Thanks for sticking with me on this. I have a shameful admission to make...

I bought this laptop for daughter 2 after I gave one to daughter 1 - so I have two exactly the same. I suddenly (and let's face it, belatedly) had the brilliant notion of taking the HD out of the one that works, and putting it in this one. So I did. And got the usual error message. And I *know* that HD is ok, because it goes straight to WinXP in the other computer. So it's getting increasingly hard to see this as anything but a hardware problem.

What baffles me is the way it does know there's a HD in - it just can't boot from it.
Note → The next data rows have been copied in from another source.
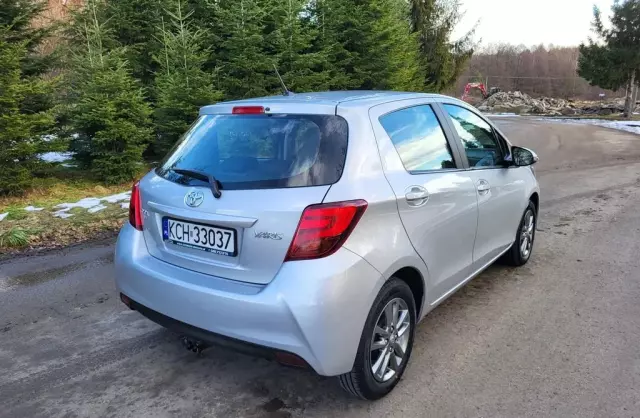 TOYOTA Yaris 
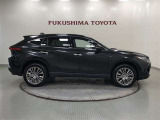 【まるごとクリーニング】シートを取り外し、車内を徹底洗浄。隅々まで丁寧に仕上げています。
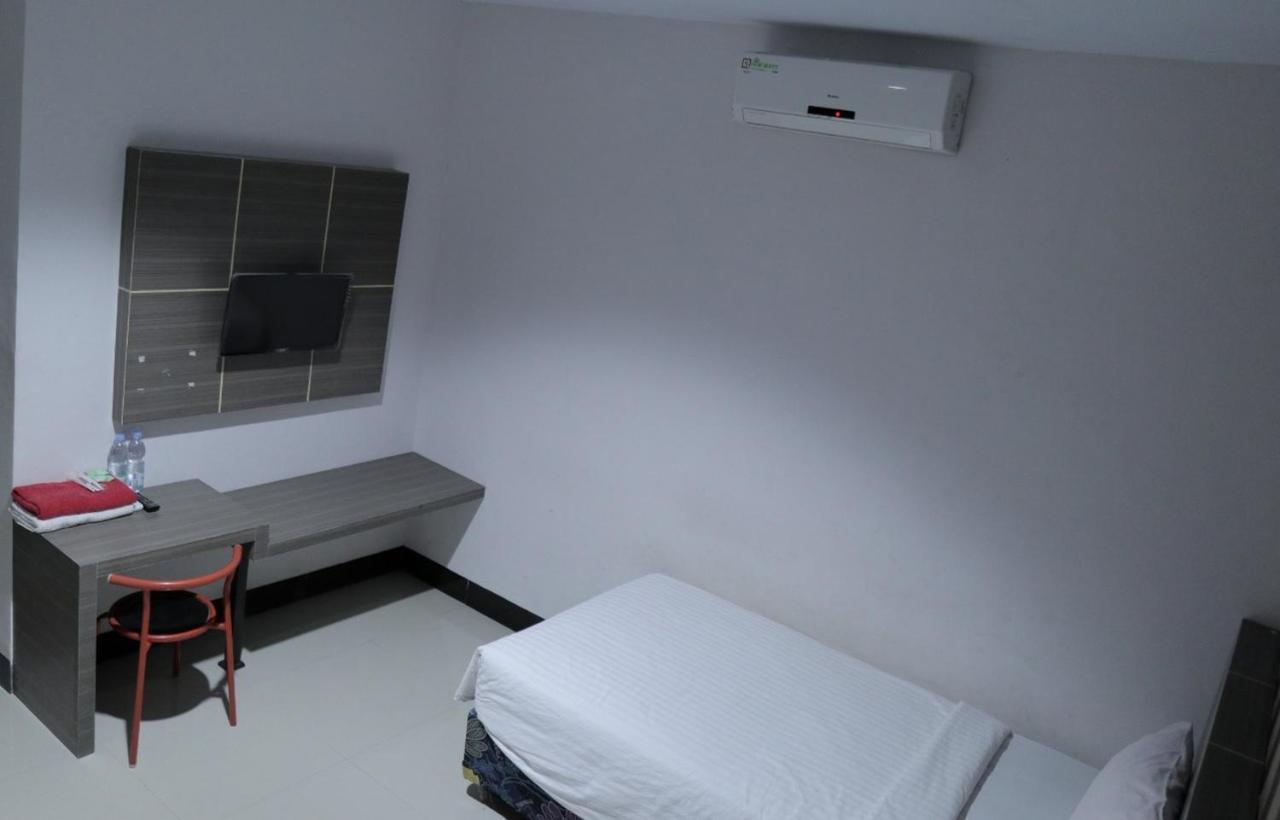 Reddoorz @ Pasangkayu Mamuju Utara Hotel Luaran gambar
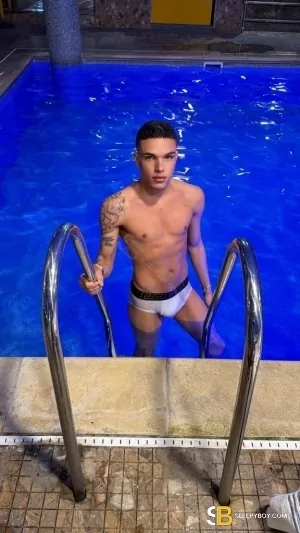 Bisexual Escort Erick 21yr - role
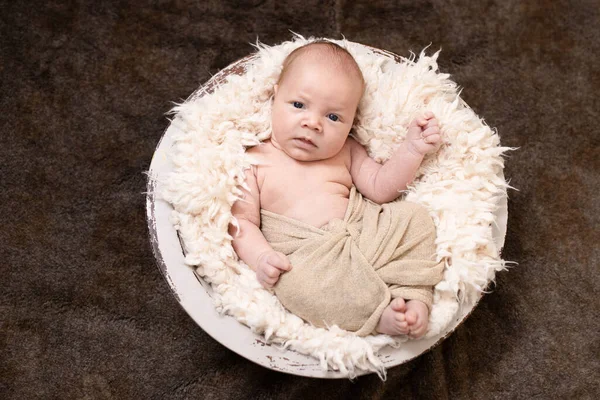 Copil Nou Născut Drăguț Ochi Deschiși Împachetat Află Într Coș — Fotografie, imagine de stoc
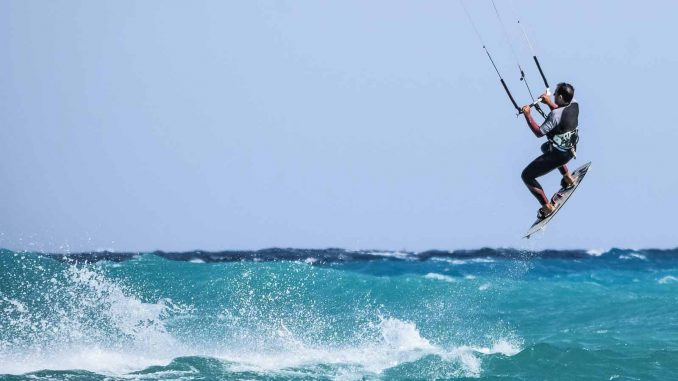 kitesurfing-3258047_1920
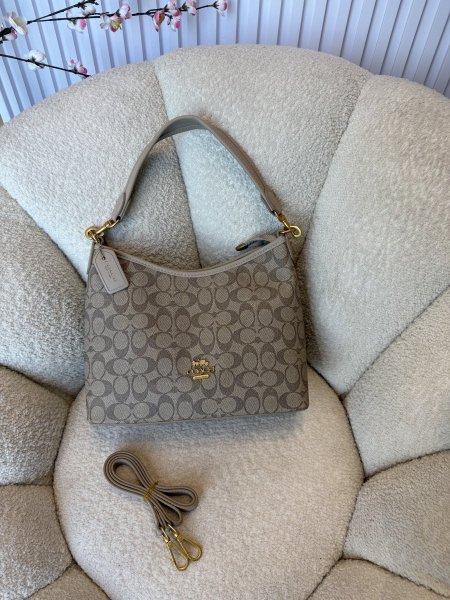 حقيبة كوتش الترند حجم ٣٣ سم كواليتي جداً عالية <br> <span class='text-color-warm'>سيتوفر قريباً</span>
And it does recognise a CD (it whirrs for a second when you start up...but then stops) but won't boot from it. (And this is *definitely* a bootable CD). So, the computer knows it has a hard drive (but won't boot from it) knows it has a cd (but won't boot from it), but *will* boot from a USB stick.

One other oddity - in attempting to find out whether it would use the CD at all (ie, not to boot from but to, say, play music) I have discovered that if I double-click on the hard drive, along with all the folders called things like bin, boot, dev & home, there's a folder called cdrom, but if I look in it, I find I'm looking not at the CD I have in the drive (which I can't find anywhere) but at the contents of the USB memory stick. Uh?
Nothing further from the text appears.